标签:
By David Chait, Tegra Developer Technology
Since the dawn of the GPU, developers have been trying to cram bigger and better textures into memory. Sometimes that is accomplished with more RAM but more often it is achieved with native support for compressed texture formats. The objective of texture compression is to reduce data size, while minimizing impact on visual quality.
With the flood of mobile devices came even more urgency to use texture compression. Memory was typically shared with the CPU and thus even more of a scarce resource. In addition, mobile data networks were slow, and storage in the device was small, so smaller data over the wire was important.

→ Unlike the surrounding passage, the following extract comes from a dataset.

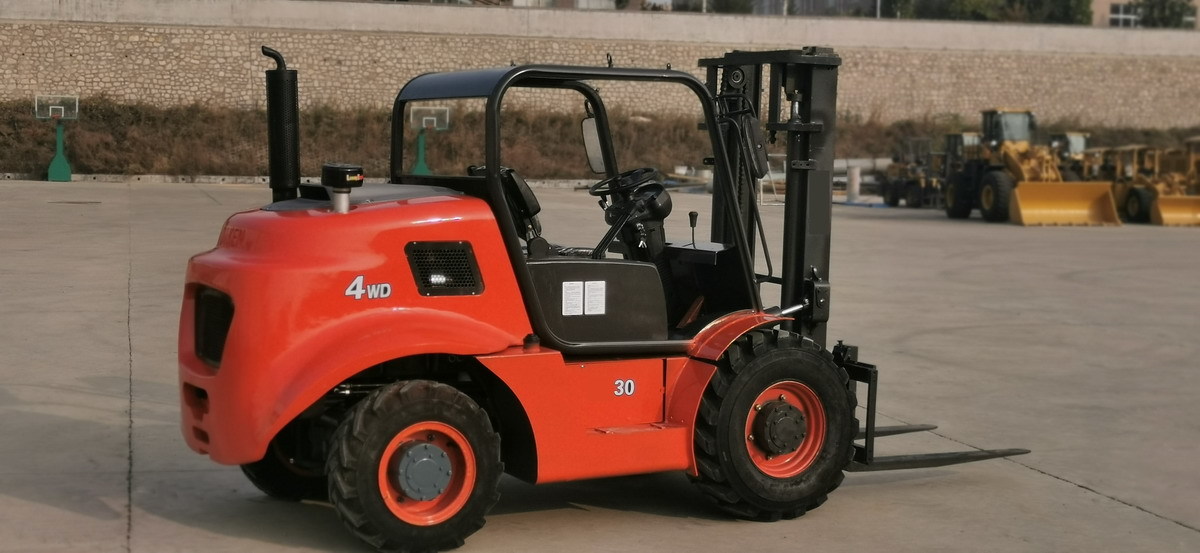 QINGDAO PROMISING 3T 4WD Rough Terrain Forklift CPCD30 - رافعة شوكية للأرض الوعرة: صورة 3 QINGDAO PROMISING 3T 4WD Rough Terrain Forklift CPCD30 - رافعة شوكية للأرض الوعرة: صورة 3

Also important to the mobile space is power use. For textures, there are many places where smaller data saves power: reading from storage, any unpack/unzip or transcode step, writing data to memory, and reading that data during rendering.
This guide aims to provide developers with the following:
An introduction to the modern texture formats available on the newest chips (specifically focusing on ASTC).
A quick-start guide for applying these new formats to existing assets.
A list of some texture compression tools.
Advice as to how developers can write their own internal "design guide".
The overall goal is to assist developers in achieving their desired balance between image quality and texture size. In addition, at the end is a more detailed walk through of some real-world compression testing results.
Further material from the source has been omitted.